A former Brat Packer who stars in The Secret Life of the American Teenager, Molly Ringwald knows plenty about adolescent angst. But being mom to Mathilda, 6, and fraternal twins Adele and Roman, 1, is an entirely different role for the 42-year-old actress and author.

By Patty A. Martinez

How did Mathilda take the news that she was getting a baby brother and sister?

It was an adjustment for her after being an only child for so many years. To keep it positive, we turned the twins' births into a celebration for her too. Before they were born we planned a "big-sister party" so she would have something to look forward to. We invited friends to bring presents for Mathilda in honor of her becoming a big sister.

It must be nice to have another pair of hands to help out with the twins.

She'll give them a bottle every once in a while, but her main job is to run around and make them laugh.

What was the biggest challenge going from one kid to three?

The lack of sleep! My husband, Panio (a writer and book editor), and I used to get up when Mathilda did. Now when she comes into our room, we give her a timer set for 30 minutes and tell her to come back when it rings.

Mathilda sounds like a handful.

She's very opinionated, so it's hard for her to hear that there's another way to do things. We work on that a lot. And apparently it's emphasized at school too. One day she came home and said, "I need to learn to be flexible." I thought to myself, "Where did she get that word?" It turns out her teacher told her that!

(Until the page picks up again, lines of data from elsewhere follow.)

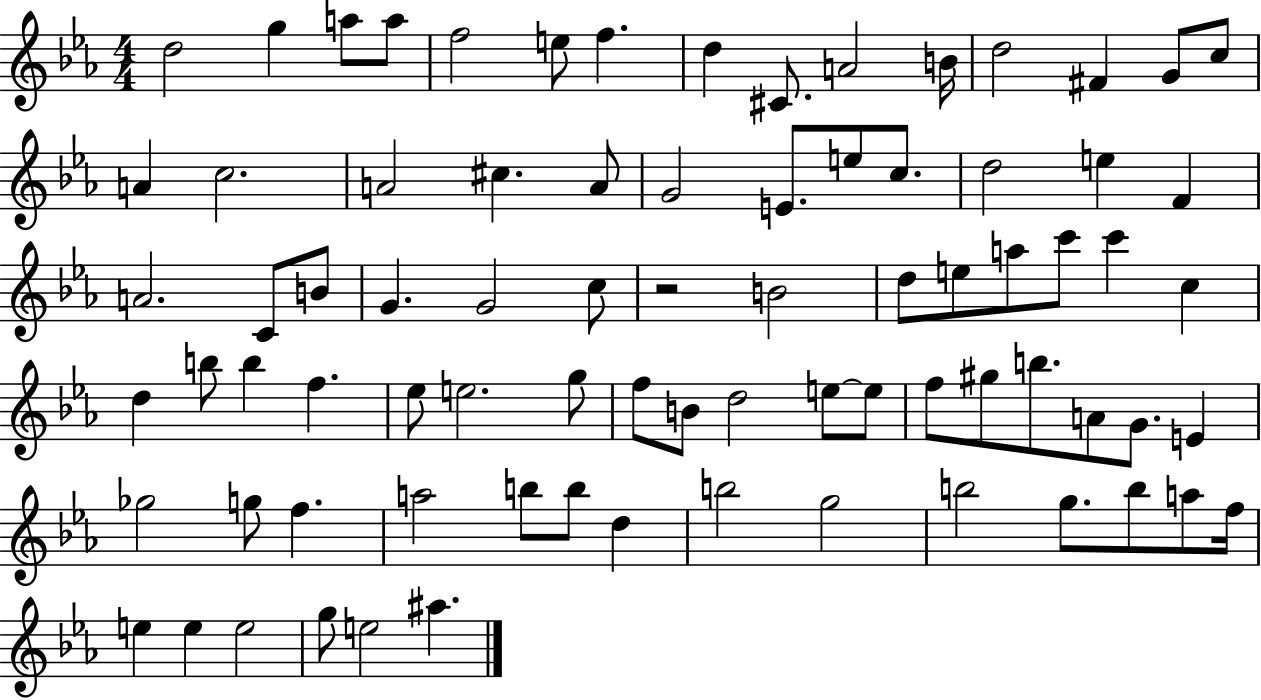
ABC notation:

X:1
T:Untitled
M:4/4
L:1/4
K:Eb
d2 g a/2 a/2 f2 e/2 f d ^C/2 A2 B/4 d2 ^F G/2 c/2 A c2 A2 ^c A/2 G2 E/2 e/2 c/2 d2 e F A2 C/2 B/2 G G2 c/2 z2 B2 d/2 e/2 a/2 c'/2 c' c d b/2 b f _e/2 e2 g/2 f/2 B/2 d2 e/2 e/2 f/2 ^g/2 b/2 A/2 G/2 E _g2 g/2 f a2 b/2 b/2 d b2 g2 b2 g/2 b/2 a/2 f/4 e e e2 g/2 e2 ^a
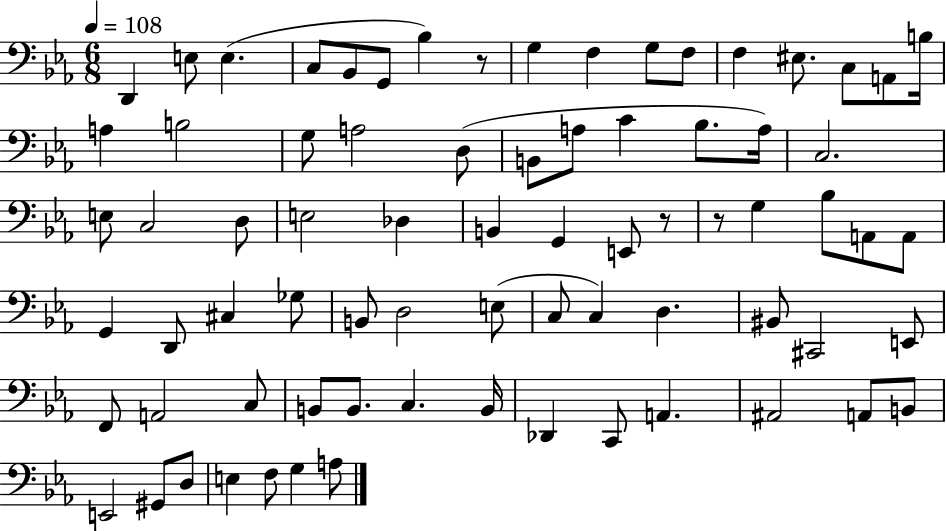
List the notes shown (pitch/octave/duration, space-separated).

What's your favorite moment of the day as a family?

Dinner is our special sharing time. We sit down and talk about the day's high and low, or what Mathilda calls "rose and thorn." We explain what went well and what was challenging.

Does Mathilda remind you of yourself at her age?

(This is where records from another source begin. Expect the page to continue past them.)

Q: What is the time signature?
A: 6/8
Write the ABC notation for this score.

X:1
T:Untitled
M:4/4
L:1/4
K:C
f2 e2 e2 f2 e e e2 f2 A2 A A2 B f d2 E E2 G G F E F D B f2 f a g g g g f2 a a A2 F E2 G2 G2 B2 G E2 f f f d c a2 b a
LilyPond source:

Absolutely. She's creative and has a big imagination like I did. She also takes an art class, and she just played Tiger Lily in Peter Pan.

And whom do Adele and Roman take after?

It's still early, but personality-wise, Roman is incredibly happy and smiley, while Adele is more watchful and stoic. And they both look a little like Mathilda, although they don't resemble each other at all!

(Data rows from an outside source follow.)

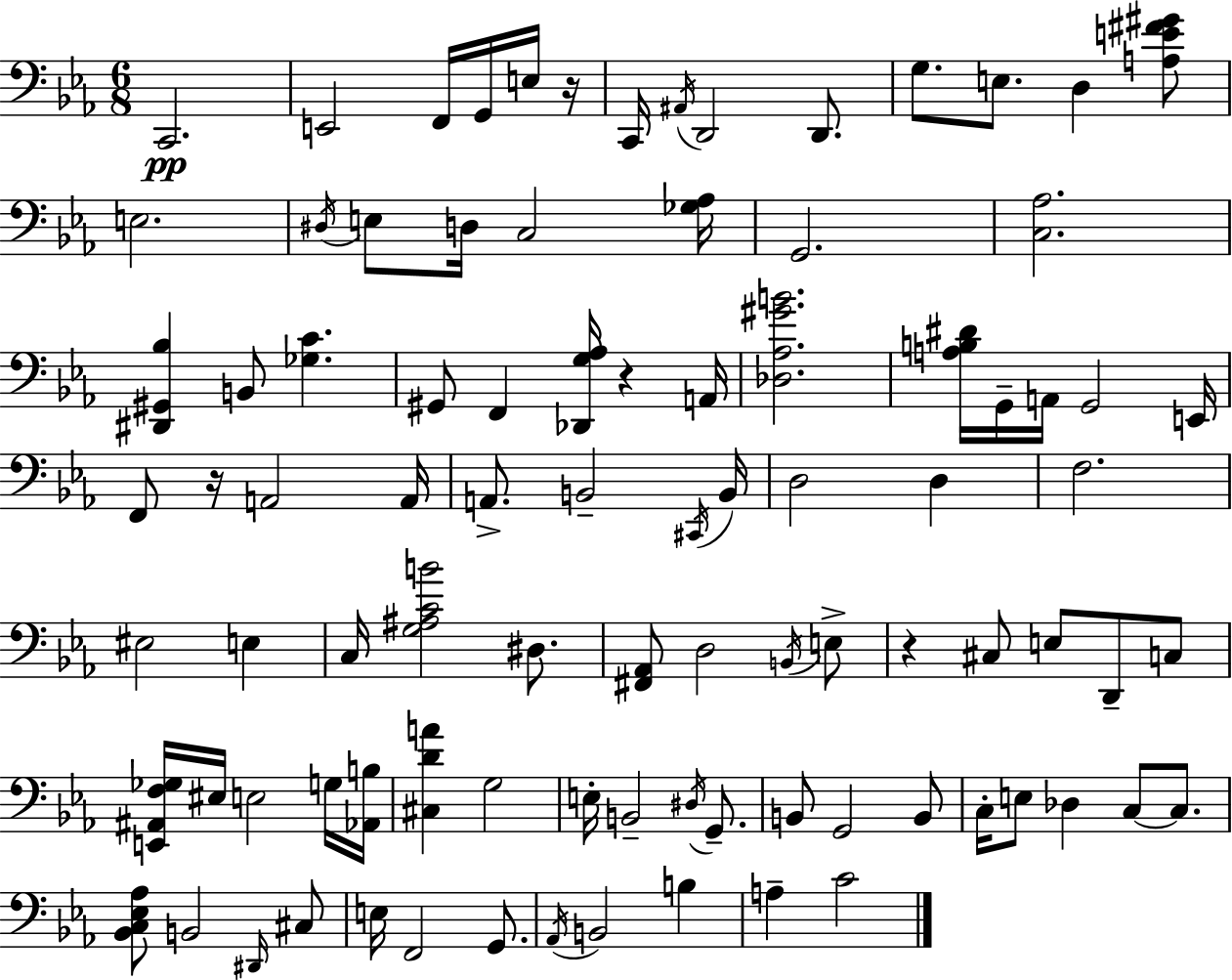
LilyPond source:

{
  \clef bass
  \numericTimeSignature
  \time 6/8
  \key ees \major
  \repeat volta 2 { c,2.\pp | e,2 f,16 g,16 e16 r16 | c,16 \acciaccatura { ais,16 } d,2 d,8. | g8. e8. d4 <a e' fis' gis'>8 | \break e2. | \acciaccatura { dis16 } e8 d16 c2 | <ges aes>16 g,2. | <c aes>2. | \break <dis, gis, bes>4 b,8 <ges c'>4. | gis,8 f,4 <des, g aes>16 r4 | a,16 <des aes gis' b'>2. | <a b dis'>16 g,16-- a,16 g,2 | \break e,16 f,8 r16 a,2 | a,16 a,8.-> b,2-- | \acciaccatura { cis,16 } b,16 d2 d4 | f2. | \break eis2 e4 | c16 <g ais c' b'>2 | dis8. <fis, aes,>8 d2 | \acciaccatura { b,16 } e8-> r4 cis8 e8 | \break d,8-- c8 <e, ais, f ges>16 eis16 e2 | g16 <aes, b>16 <cis d' a'>4 g2 | e16-. b,2-- | \acciaccatura { dis16 } g,8.-- b,8 g,2 | \break b,8 c16-. e8 des4 | c8~~ c8. <bes, c ees aes>8 b,2 | \grace { dis,16 } cis8 e16 f,2 | g,8. \acciaccatura { aes,16 } b,2 | \break b4 a4-- c'2 | } \bar "|."
}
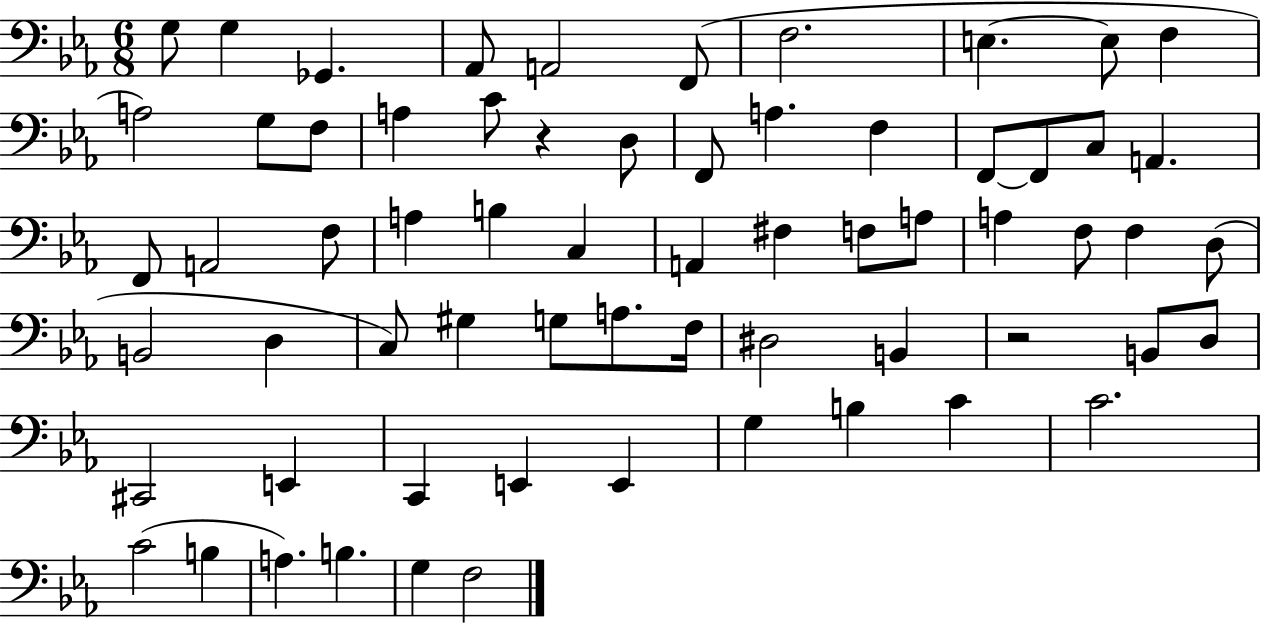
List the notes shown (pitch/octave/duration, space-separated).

G3/e G3/q Gb2/q. Ab2/e A2/h F2/e F3/h. E3/q. E3/e F3/q A3/h G3/e F3/e A3/q C4/e R/q D3/e F2/e A3/q. F3/q F2/e F2/e C3/e A2/q. F2/e A2/h F3/e A3/q B3/q C3/q A2/q F#3/q F3/e A3/e A3/q F3/e F3/q D3/e B2/h D3/q C3/e G#3/q G3/e A3/e. F3/s D#3/h B2/q R/h B2/e D3/e C#2/h E2/q C2/q E2/q E2/q G3/q B3/q C4/q C4/h. C4/h B3/q A3/q. B3/q. G3/q F3/h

What was the hardest part about growing up in the public eye?

Feeling like I couldn't make a mistake without the world knowing about it. And it's important for people to slip up once in a while—that's how they grow.

Was it cool being part of the Brat Pack?

That term came from a magazine article; it's not like we were in a special club! But it was exciting making original movies—and of course it was so inspiring to work with director John Hughes.

In your book Getting the Pretty Back, you talk about motherhood, friendship, and fitness. What's the biggest lesson for readers?

That a woman who is confident can do anything! I want women to embrace their inner girls—when they were fearless—and pair that with the life experience that comes with adulthood. It truly is the best of both worlds.

Fast Facts

How you know her: Besides her Brat Pack flicks, she appeared in Cabaret and Sweet Charity on Broadway.

Favorite fashion tips for busy moms: "If you find something you like, buy it in every color! And definitely get to know a good tailor."

What's in a name: "Since Panio is Greek he wants the kids to call him baba, but Mathilda rebelled when she was 4 and only calls him daddy."

Guilty obsession: "Craigslist and eBay! I'm very into recycling and have furnished the house with items from online postings."

Love at first bite: "Panio won me over on our first date by making tzatziki. It was very romantic—even with all that garlic!"